Como afirma Goldsworthy, nada funcionó como estaba previsto y César, en vez de volver a casa para encontrarse con un segundo consulado, un triunfo galo, los juegos en honor de su hija muerta y un reconocimiento como igual de Pompeyo, regresó transformado en un rebelde. La obstinación, el orgullo y las sospechas de todos los implicados, así como las profundas enemistades personales en unos cuantos casos, contribuyeron a este punto muerto, y tampoco ayudó un optimismo fuera de lugar en que los oponentes se echarían atrás. Algunos habían previsto tiempo atrás que se fraguaba una guerra civil que nadie quería; el conflicto armado no se produjo, en apariencia, por la confrontación de grandes ideas y, aunque se acusó a César de pretender instaurar una monarquía, nunca se han encontrado pruebas suficientes para este argumento. Parece que lo que pretendía era defender su dignitas y auctoritas, ( su virtus estaba más que probada). La guerra civil se extendió entre el año 49 y 46 a.C.; César fue asesinado el idus de marzo del año 44, por lo que es imposible analizar lo que no se produjo: cuál hubiera sido la política llevada a cabo por un popular. No podemos olvidar que la vida política de la República siempre estuvo teñida de sangre y que todos los tribunos de la plebe que intentaron defender los derechos de la plebe fueron llamados demagogos primero y asesinados después.
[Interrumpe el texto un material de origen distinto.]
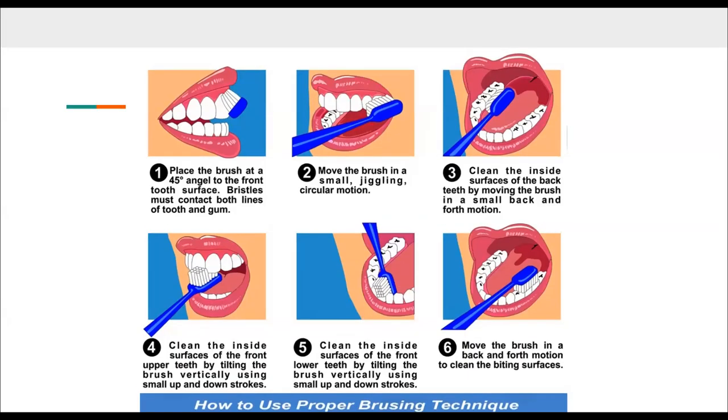Let's talk about tooth brushing methods. This is something where your dental professional should be showing you how to brush your teeth properly, because believe it or not, it's different depending on your mouth. For example, if you have sensitive teeth, you're going to be brushing a little bit differently than somebody who's a heavy smoker and gets a lot of stain, a lot of plaque, a lot of tartar. But all in all,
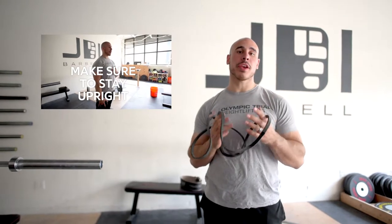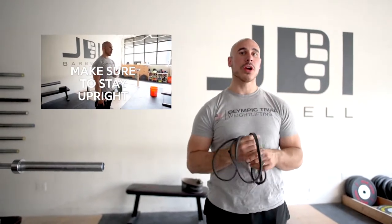Last week we talked about protecting the external rotators of the shoulder with exercises like Cubans. This week we're going to talk about really working the retractors of the shoulder blades in an exercise called band pull-aparts.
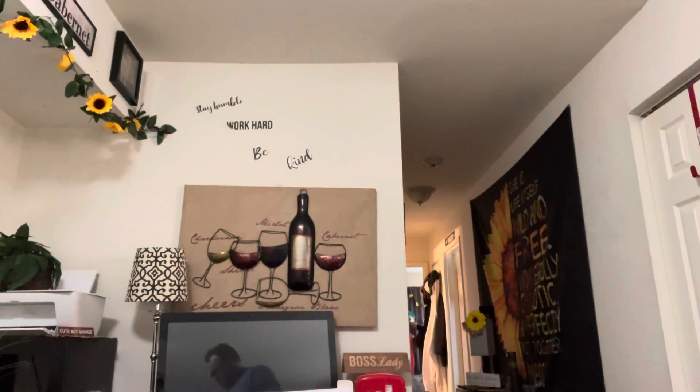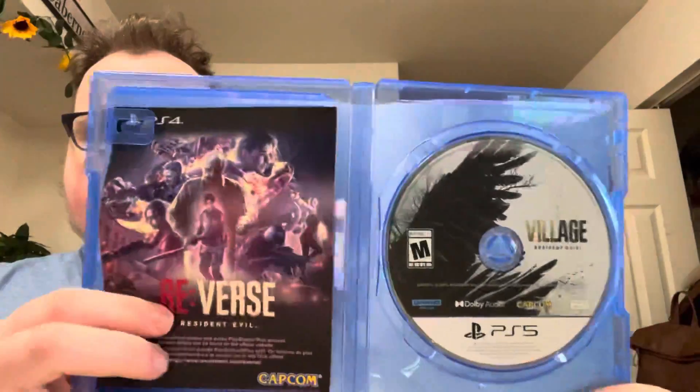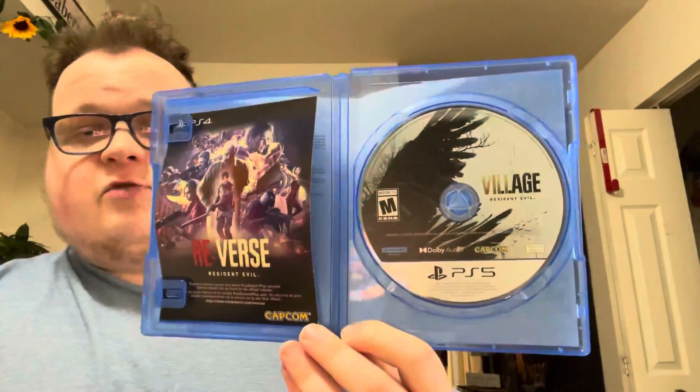Oh God. Alright, let's open up the damn case. Ooh, we got some in-game codes — I'm not gonna show that. Let's take that out of the box. Oh wait, the code's on the back, we're safe. Now, that's Mom in the back left of the camera — she didn't know I was recording. Here is the in-game case with the Resident Evil Reverse Game Mode, and here's the disc for Resident Evil Village.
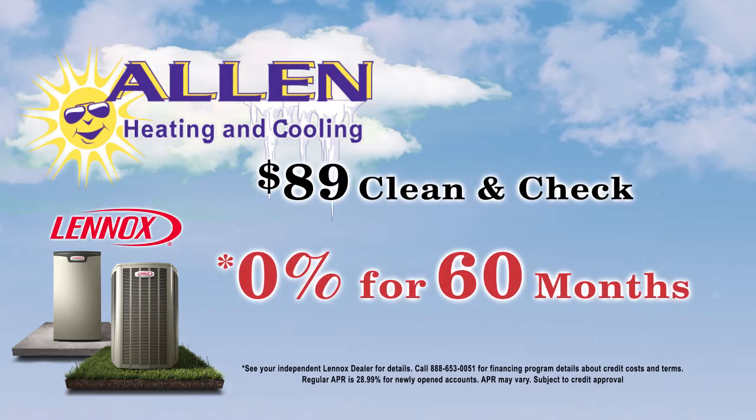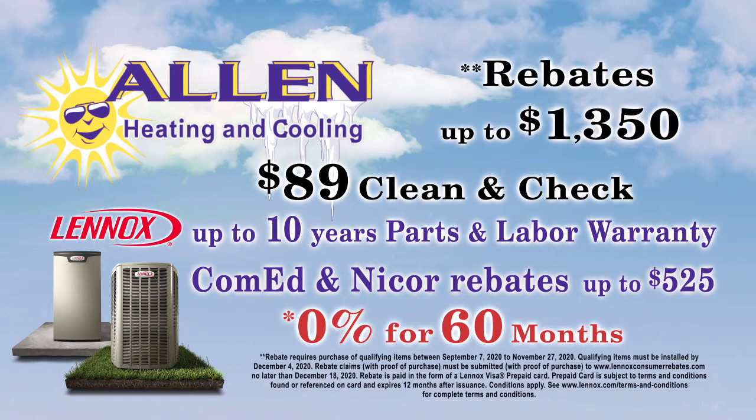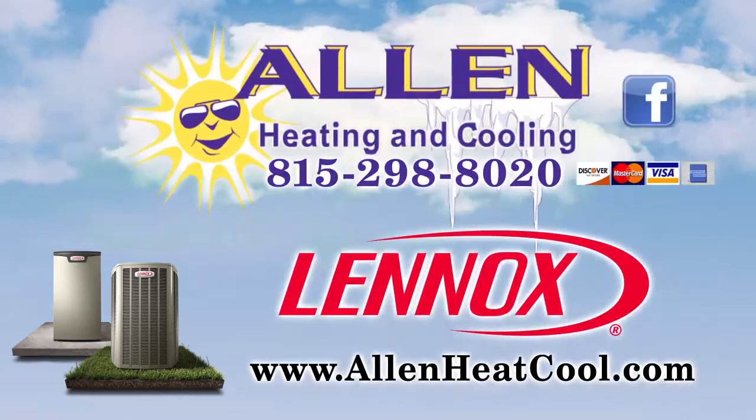If you need a new Lennox furnace, there's 0% interest for 60 months, utility rebates, plus Lennox has a 10-year warranty, and rebates up to $13.50. For your new Lennox furnace, call Allen today.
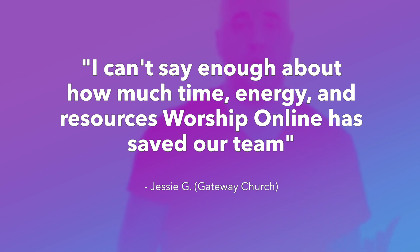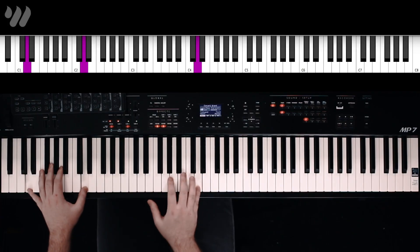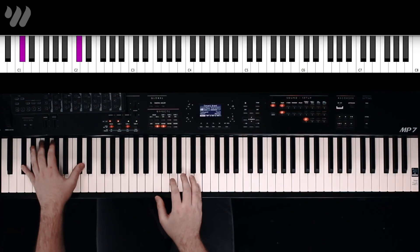For the intro, we're gonna start off on a low D octave, then D octaves with an A in the right hand, drop down to the C sharp. The second layer we have is gonna be just in the middle portion of the keyboard.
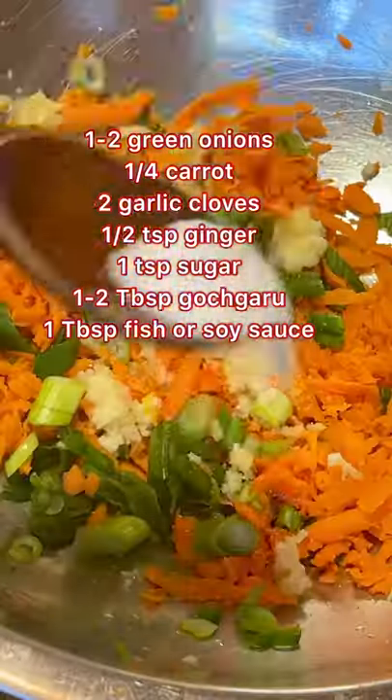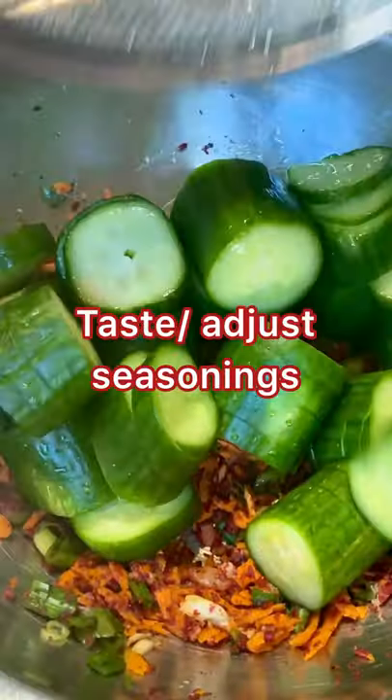Feel free to adjust the amounts based on preference. Now rinse to remove excess salt and toss with the seasonings. You can eat it right away or ferment one day at room temperature.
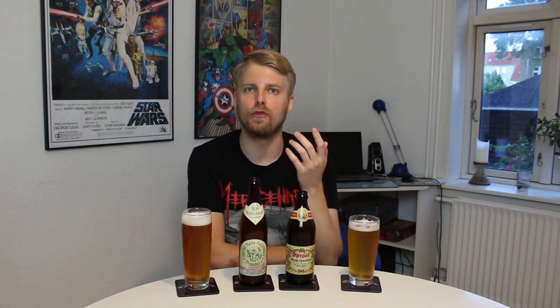Then we have the Zwickelbier, which is similar to the Kellerbier but a little lower in strength and flavor, but it's the same concept. It was actually named after the siphon used for taking out samples for measuring — called Zwickelhahn — that the brewmaster would use to take samples. And Ungespundet Lager Beer is almost the same as well, but it's fermented without pressure.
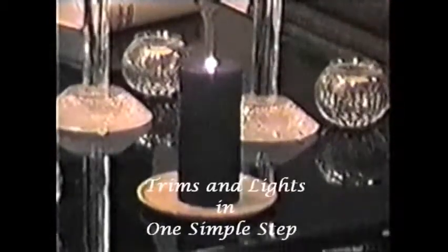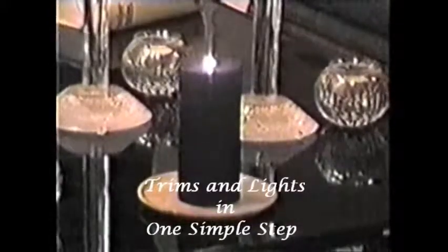Simply insert the candle wick into the guide and pull the trigger. The Wick Wizard trims and lights the wick, and starts the built-in 2-hour timer.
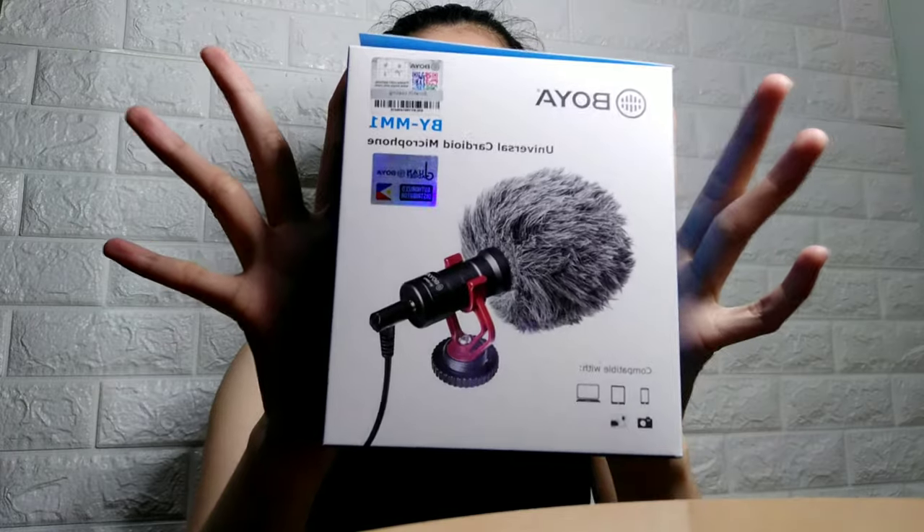Hi guys! Welcome to my channel. It's me, Wendy. And for today's video, we are going to review a product, which is the Boya M11.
Así pues, agotadas todas las posibilidades de negociación entre ambos bandos, César toma la decisión de invadir Roma con su ejército. El símbolo de esta decisión fue el paso del Rubicón, límite de su imperium, que le convierte en un rebelde. Se le atribuye una frase pronunciada al cruzarlo: Alea iacta est.




La importancia de este hecho histórico hace que muchos intenten publicitar sus productos musicales utilizando las imágenes de la serie Rome (que veremos en clase), dirigida por John Millius, cuyo efecto diegético pleno se pierde al eliminar la banda sonora de la película. La imagen de los patas de los caballos introduciéndose en el agua del insignificante riachuelo, ante la sorpresa del niño que pesca, es mucho más expresiva que mil palabras, y contribuye a recrear en la imaginación este acontecimiento. Las imágenes que incorporamos son de la película Julio César, de Uli Edel, hoy descatalogada; las imágenes de la serie Rome, dirigida por John Millius se pasarán en clase.

Con estos precedentes podemos entender mejor el comienzo de la obra de Julio César, De bello civili:

Litteris C.Caesaris consulibus redditis, aegre ab iis impetratum est summa tribunorum plebis contentione ut in senatu recitarentur; ut vero ex litteris ad senatum referretur impetrari non potuit.

Propuestas didácticas:

Traduce este texto y explica su contenido.